China's trade surplus was $5.35 billion in March, according to customs bureau. Exports witnessed 8.9 percent year-over-year growth, while imports grew 5.3 percent. Economists were expecting a trade deficit of $3.15 billion. For February, China disclosed a trade deficit of $31.5 billion which was hurt by poor exports to the European Union as a fall out from the debt crisis.
Only yesterday, China reported higher inflation than expected and muted any thoughts of loosening monetary policy. As a result of February's trade deficit and various economic factors, economists expected a loose monetary policy to stimulate growth. The second largest economy has been initiating steps to face exports slowdown to Euro Zone by focusing on emerging markets.
However, the latest data on inflation and trade surplus nearly shut the doors for any possible relaxation of monetary policy. Another factor to ponder is exports seem to be stabilizing in China given the export-gauge readings improvement for March in the purchasing managers' indexes.
Another economic data that surprised everyone is German's exports in February. Driven by demand from outside the European Union, the country's seasonally adjusted exports grew 1.6 percent over January. In January, exports gained 3.4 percent, a data from Federal Statistics Office indicated.

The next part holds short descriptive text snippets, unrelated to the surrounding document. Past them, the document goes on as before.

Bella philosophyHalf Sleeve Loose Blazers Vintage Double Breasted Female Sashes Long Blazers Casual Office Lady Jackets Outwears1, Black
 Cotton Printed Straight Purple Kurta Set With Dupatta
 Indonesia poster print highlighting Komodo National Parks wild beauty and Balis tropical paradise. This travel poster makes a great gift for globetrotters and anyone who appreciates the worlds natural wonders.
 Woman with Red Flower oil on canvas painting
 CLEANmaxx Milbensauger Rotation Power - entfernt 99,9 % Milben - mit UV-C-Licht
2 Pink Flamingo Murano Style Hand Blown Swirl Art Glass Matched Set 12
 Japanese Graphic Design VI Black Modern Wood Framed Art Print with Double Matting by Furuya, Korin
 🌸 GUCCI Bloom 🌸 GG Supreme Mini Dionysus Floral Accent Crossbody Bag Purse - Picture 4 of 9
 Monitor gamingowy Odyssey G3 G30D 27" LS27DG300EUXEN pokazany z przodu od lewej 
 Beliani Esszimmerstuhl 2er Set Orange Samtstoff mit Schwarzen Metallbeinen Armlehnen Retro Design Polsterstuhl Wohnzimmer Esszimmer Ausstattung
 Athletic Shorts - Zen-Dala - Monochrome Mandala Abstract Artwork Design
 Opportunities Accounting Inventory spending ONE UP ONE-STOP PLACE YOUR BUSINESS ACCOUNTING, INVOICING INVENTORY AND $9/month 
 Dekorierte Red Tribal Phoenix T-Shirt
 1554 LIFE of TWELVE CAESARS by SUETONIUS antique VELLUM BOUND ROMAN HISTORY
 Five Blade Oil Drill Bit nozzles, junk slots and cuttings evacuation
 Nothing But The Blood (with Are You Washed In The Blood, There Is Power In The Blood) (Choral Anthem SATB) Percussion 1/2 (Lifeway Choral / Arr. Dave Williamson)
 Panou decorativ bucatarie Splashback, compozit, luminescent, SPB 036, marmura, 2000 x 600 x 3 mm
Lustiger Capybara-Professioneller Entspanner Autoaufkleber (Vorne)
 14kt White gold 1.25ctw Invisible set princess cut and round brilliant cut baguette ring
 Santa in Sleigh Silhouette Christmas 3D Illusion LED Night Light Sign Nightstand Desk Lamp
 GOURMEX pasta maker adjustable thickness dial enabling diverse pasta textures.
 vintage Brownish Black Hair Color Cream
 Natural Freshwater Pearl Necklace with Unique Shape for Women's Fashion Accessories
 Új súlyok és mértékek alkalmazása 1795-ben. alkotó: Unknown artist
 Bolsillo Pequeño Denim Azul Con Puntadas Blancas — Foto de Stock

Exports in February were in contrast to economists' expectation for a drop of 1.2 percent. Imports climbed 3.9 percent during the same period. This resulted in a widening of the trade surplus to 14.7 billion Euros from January's 13.2 billion Euros. The current account surplus also increased to 11.1 billion Euros in February from E9.5 billion Euros in January.
Total exports in February were 91.3 billion Euros. Of this, 37.9 billion Euro came from outside the Euro Zone. This represents a month-over-month increase of 14.4 percent. However, exports within Euro Zone moderated to 4 percent versus 5.4 percent to European Union member-countries.
Germany had to depend on fast growing markets outside the Euro Zone since most of its constituents have resorted to cuts in spending in an effort to reduce budget deficits in the face of the debt crisis.
A recovering worldwide economy should be a boost to Germany's exports. Yet its main export market is within the Euro Zone. Domestic demand is expected to fuel first quarter growth before exports to foreign countries picks up later in 2012, Bloomberg quotes an ABN Amro Bank economist.